▶ Task item
Pictures stay out; please output the remaining data exactly.

▶ Information shown
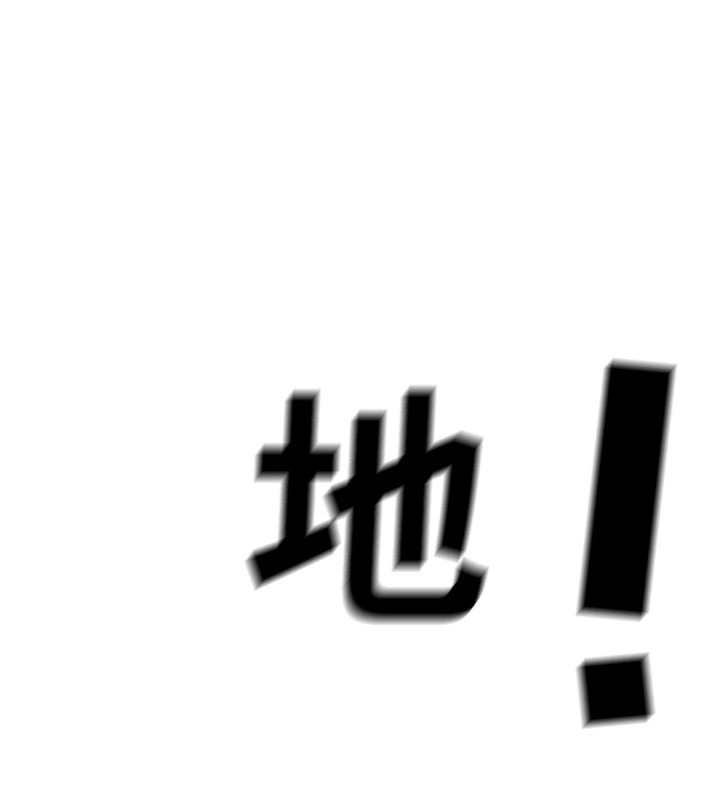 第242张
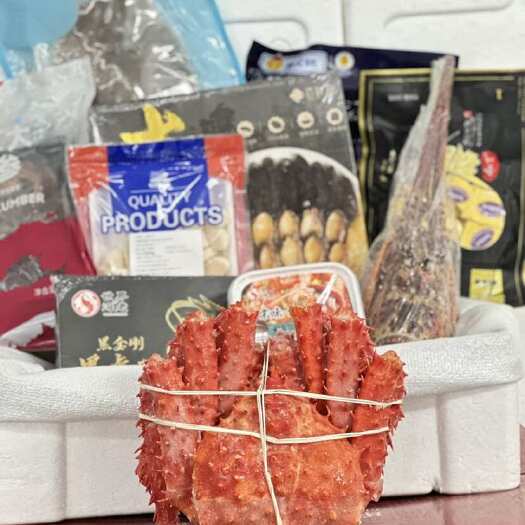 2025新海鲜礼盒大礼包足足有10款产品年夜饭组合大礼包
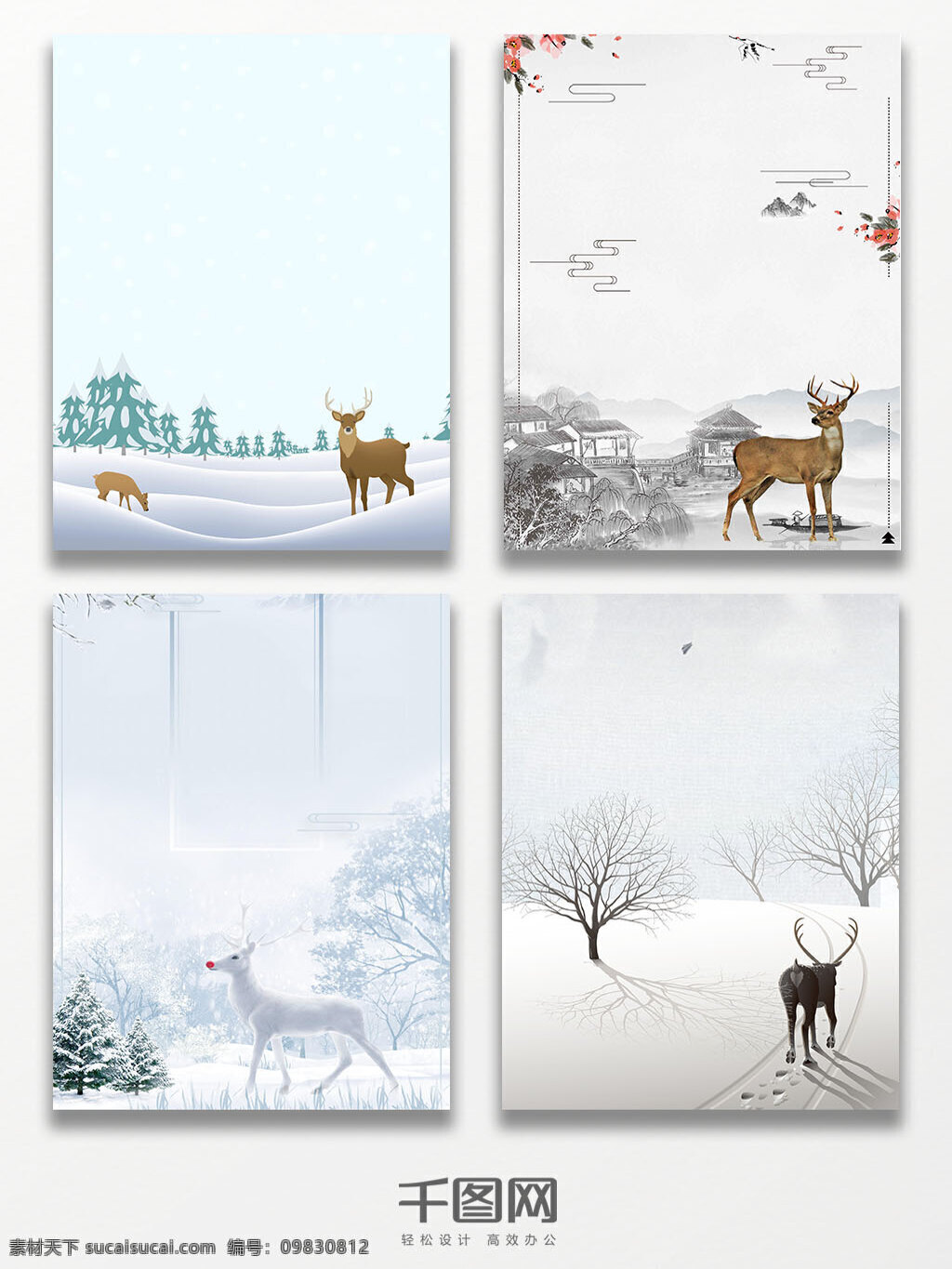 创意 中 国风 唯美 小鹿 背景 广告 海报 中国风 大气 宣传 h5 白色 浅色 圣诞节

▶ Your solution
 第242张
 2025新海鲜礼盒大礼包足足有10款产品年夜饭组合大礼包
 创意 中 国风 唯美 小鹿 背景 广告 海报 中国风 大气 宣传 h5 白色 浅色 圣诞节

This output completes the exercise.